Inbox by Gmail's accidentally abusive algorithm

The modern world really loves to use little algorithms here and there to help us speed things up. Inbox by Gmail is no exception.

Inbox has a concept of "speed dial" - an algorithmically determined set of "frequent" contacts that appears when hovering over the compose button:

Speed dial shows up on the right when hovering over the button for composing a message

In theory, this is great. It was really handy when it picked my fiancé, my mom, and a close friend. At some point, my own email replaced my close friend's because there were a lot of times when it was easier to email myself a bunch of notes than create line item reminders out of them. Still immensely convenient.

Later, Inbox decided to switch my mom out for someone else. This someone else had been emailing me a lot, though I think my mom had still been emailing me more. Occasionally, I'd reply when I was obliged to, but I was definitely sending more emails to my mother. Whatever the specifics, the algorithm replaced my mom with him.
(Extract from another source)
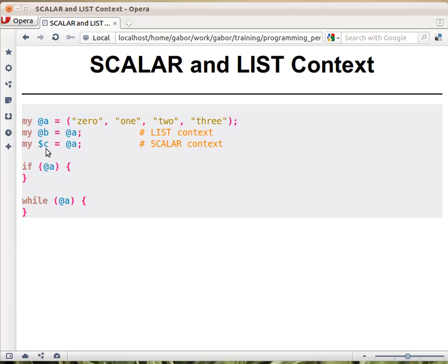On the other hand, if you take this array and assign it to $c, which is a scalar value, this is called scalar context. And it might be surprising, but what happens in Perl — in a perfectly arbitrary decision — is that $c will contain the number of elements of the array. So in this case it will be 4.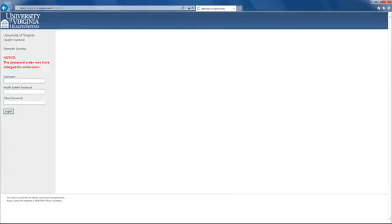Log in with your user ID, your health system password—this is the same password you would use to access health system email—and a token password generated by the MobilePass app on your mobile device.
What Inbox didn't know was that this person had been harassing me.

No amount of additional emails to my mom would put her back in speed dial and kick him out. I poked around in settings, hoping to find a way to pick my own speed dial contacts or a reset button, but I found none. An obscure post from 2014 on the Gmail Help Forum told me I could delete my contact to remove him from speed dial, but this only worked for the web version. It didn't remove him from Inbox on my iPhone, and I could only get him out there by uninstalling and reinstalling the Inbox app.

These aren't good solutions. Fortunately, his email address easily identifies him so I didn't mind deleting the contact info that tied his name to it, but had he had something more reminiscent of early 2000s AOL addresses, I might have needed to rely on that contact information. The energy it took to find these roundabout solutions and time I continued to have him in speed dial before finding those solutions kept reminding me of how he didn't respect my boundaries. The speed dial algorithm was hurting me instead of helping me out.

I don't think we should eliminate handy tools like this; most of the time, I'm a big fan. But I do wish that there were always easy to find manual overrides - or at least an easy to find kill switch - for algorithmically generated content so that we can minimize their inadvertent accidental cruelty (content warning: loss of a loved one).